New zstd 1.5.5 version is two times slower in compression speed than older 1.4.5 version #3906

Dmitri555 · 2024-02-12T15:34:18Z

New 1.5.5 version is two times slower than older one 1.4.5 in compression speed

New Version 1.5.5

START=$(date +%s); time ./zstd1.5.5 -T0 -4 -o testnew core-fastdpi_wrk0.470908.11;END=$(date +%s); echo Elapsed time $((END-START)) Sec
core-fastdpi_wrk0.470908.11 : 0.15% ( 13.1 GiB => 20.5 MiB, testnew)

real 0m7.465s
user 0m6.487s
sys 0m7.535s
Elapsed time 8 Sec

Old version 1.4.5

START=$(date +%s); time ./zstd1.4.5 -T0 -4 -o testold core-fastdpi_wrk0.470908.11;END=$(date +%s); echo Elapsed time $((END-START)) Sec
core-fastdpi_wrk0.470908.11 : 0.15% (14083944448 => 21562128 bytes, testold)

real 0m2.975s
user 0m7.905s
sys 0m1.707s
Elapsed time 3 Sec

OS: CentOS
Version 8.1
Compiler gcc
Flags default
Other relevant hardware specs AMD 64 core
Build system cmake

Cyan4973 · 2024-02-12T17:45:17Z

The sample labelled 1.5.5 has a much higher sys time.
Not sure what it corresponds to, as if OS had a harder time doing something.
Moreover, since user < real, it doesn't even feel multi-threaded, which -T0 should achieve.
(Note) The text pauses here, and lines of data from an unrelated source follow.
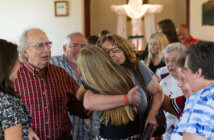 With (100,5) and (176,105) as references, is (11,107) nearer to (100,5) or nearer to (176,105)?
(176,105)

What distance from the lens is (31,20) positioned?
267 inches

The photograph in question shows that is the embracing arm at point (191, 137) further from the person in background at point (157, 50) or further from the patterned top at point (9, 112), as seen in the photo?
the person in background at point (157, 50)

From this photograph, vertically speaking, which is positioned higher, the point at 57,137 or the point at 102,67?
the point at 102,67

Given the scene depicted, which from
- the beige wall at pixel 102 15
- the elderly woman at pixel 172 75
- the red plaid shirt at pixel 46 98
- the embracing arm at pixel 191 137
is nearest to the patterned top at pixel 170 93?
the elderly woman at pixel 172 75

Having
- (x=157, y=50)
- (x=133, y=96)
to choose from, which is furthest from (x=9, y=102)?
(x=157, y=50)

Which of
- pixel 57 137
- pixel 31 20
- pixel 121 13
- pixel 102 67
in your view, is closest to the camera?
pixel 102 67

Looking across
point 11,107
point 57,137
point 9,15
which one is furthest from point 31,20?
point 11,107

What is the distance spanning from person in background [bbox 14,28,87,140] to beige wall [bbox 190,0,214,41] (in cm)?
384

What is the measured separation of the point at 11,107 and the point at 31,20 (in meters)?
5.74

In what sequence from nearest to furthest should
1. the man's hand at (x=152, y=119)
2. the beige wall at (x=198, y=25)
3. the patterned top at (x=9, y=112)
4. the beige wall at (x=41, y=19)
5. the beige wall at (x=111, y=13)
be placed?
1. the patterned top at (x=9, y=112)
2. the man's hand at (x=152, y=119)
3. the beige wall at (x=198, y=25)
4. the beige wall at (x=41, y=19)
5. the beige wall at (x=111, y=13)

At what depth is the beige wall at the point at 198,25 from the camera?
214 inches

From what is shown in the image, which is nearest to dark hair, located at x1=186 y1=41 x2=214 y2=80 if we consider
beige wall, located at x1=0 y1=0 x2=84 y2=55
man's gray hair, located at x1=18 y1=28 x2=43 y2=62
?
man's gray hair, located at x1=18 y1=28 x2=43 y2=62

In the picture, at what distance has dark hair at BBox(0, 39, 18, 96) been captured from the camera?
1.40 meters

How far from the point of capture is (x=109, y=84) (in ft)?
5.40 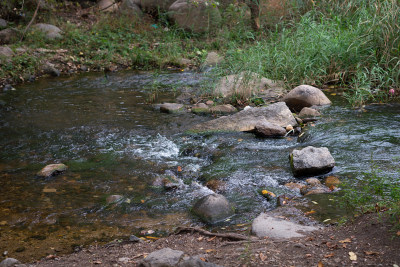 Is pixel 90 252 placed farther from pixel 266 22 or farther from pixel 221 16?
pixel 221 16

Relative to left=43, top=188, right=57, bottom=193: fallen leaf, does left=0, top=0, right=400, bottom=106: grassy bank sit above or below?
above

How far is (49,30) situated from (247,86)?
719 cm

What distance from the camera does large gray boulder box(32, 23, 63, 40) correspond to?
11.3 meters

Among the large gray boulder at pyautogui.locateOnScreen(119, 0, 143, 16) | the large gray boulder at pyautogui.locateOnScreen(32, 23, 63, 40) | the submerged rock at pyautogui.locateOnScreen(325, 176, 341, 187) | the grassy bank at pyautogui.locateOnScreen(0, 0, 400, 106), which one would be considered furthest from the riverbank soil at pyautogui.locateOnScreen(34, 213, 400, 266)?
the large gray boulder at pyautogui.locateOnScreen(119, 0, 143, 16)

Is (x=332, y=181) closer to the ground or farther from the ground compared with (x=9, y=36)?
closer to the ground

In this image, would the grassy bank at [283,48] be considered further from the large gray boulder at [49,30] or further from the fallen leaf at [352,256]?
the fallen leaf at [352,256]

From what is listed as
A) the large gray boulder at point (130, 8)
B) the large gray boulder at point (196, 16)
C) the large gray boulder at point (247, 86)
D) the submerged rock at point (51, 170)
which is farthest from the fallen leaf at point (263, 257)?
the large gray boulder at point (130, 8)

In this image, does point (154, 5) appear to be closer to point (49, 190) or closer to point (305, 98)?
point (305, 98)

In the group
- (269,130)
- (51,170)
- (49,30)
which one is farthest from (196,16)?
(51,170)

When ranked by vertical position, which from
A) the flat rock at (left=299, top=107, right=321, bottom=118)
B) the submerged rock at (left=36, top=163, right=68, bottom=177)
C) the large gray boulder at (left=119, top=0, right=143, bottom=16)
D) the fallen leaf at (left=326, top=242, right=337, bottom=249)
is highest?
the large gray boulder at (left=119, top=0, right=143, bottom=16)

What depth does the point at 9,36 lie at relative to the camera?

So, that gives a few possibilities to look into :

caching difference : if the target file is accessed for the first time, it's more difficult for OS to retrieve it, whereas in subsequent runs, the file is likely cached. Try accessing the file with 1.5.5 after accessing it with 1.4.5 to rule out this effect.
multithreading: maybe -T0 doesn't work, for reasons unknown, and default to single thread. In which case, try to manually set a nb of cores. For example, -T30.

Also : use -vv, or even -vvv, to extract more debug information.

Dmitri555 · 2024-02-12T21:10:38Z

I changed the order of execution and added -T32 option: same result

time ./zstd1.4.5 -4 -T32 core-file -c > /dev/null
core-file : 0.15% (14083944448 => 21562128 bytes, /stdout)
real 0m2.876s user 0m7.874s sys 0m1.433s

time ./zstd1.5.5 -4 -T32 core-file -c > /dev/null
real 0m6.740s user 0m6.407s sys 0m6.808s

Dmitri555 · 2024-02-12T21:20:36Z

START=$(date +%s); time ./zstd1.4.5 -vvv -4 -T32 core-file -o 3 ; END=$(date +%s); echo Elapsed time $((END-START)) Sec
*** zstd command line interface 64-bits v1.4.5, by Yann Collet ***
set nb workers = 32
core-file: 1199042560 bytes
core-file : 0.15% (14083944448 => 21562128 bytes, 3)
core-file : Completed in 9.34 sec (cpu load : 100%)

real 0m2.925s
user 0m7.919s
sys 0m1.427s
Elapsed time 3 Sec

START=$(date +%s); time ./zstd1.5.5 -vvv -4 -T32 core-file -o 4 ; END=$(date +%s); echo Elapsed time $((END-START)) Sec
*** Zstandard CLI (64-bit) v1.5.5, by Yann Collet ***
--zstd=wlog=21,clog=18,hlog=18,slog=1,mml=5,tlen=0,strat=2
--format=.zst --no-sparse --block-size=0 --memory=134217728 --threads=32 --content-size
set nb workers = 32
core-file: 14083944448 bytes
Decompression will require 2097152 B of memory
core-file : 0.15% (14083944448 B => 21545116 B, 4) %
core-file : Completed in 8.58 sec (cpu load : 171%)

real 0m8.588s
user 0m6.731s
sys 0m7.952s
Elapsed time 9 Sec

For strange reason with -vvv option zstd even reports wrong execution time:
Completed in 9.34 sec VS Elapsed time 3 Sec

Cyan4973 · 2024-02-12T21:48:39Z

Some more advanced tests that could be attempted :

Try v1.5.3. It would help determine if the issue comes from some new feature added in v1.5.4.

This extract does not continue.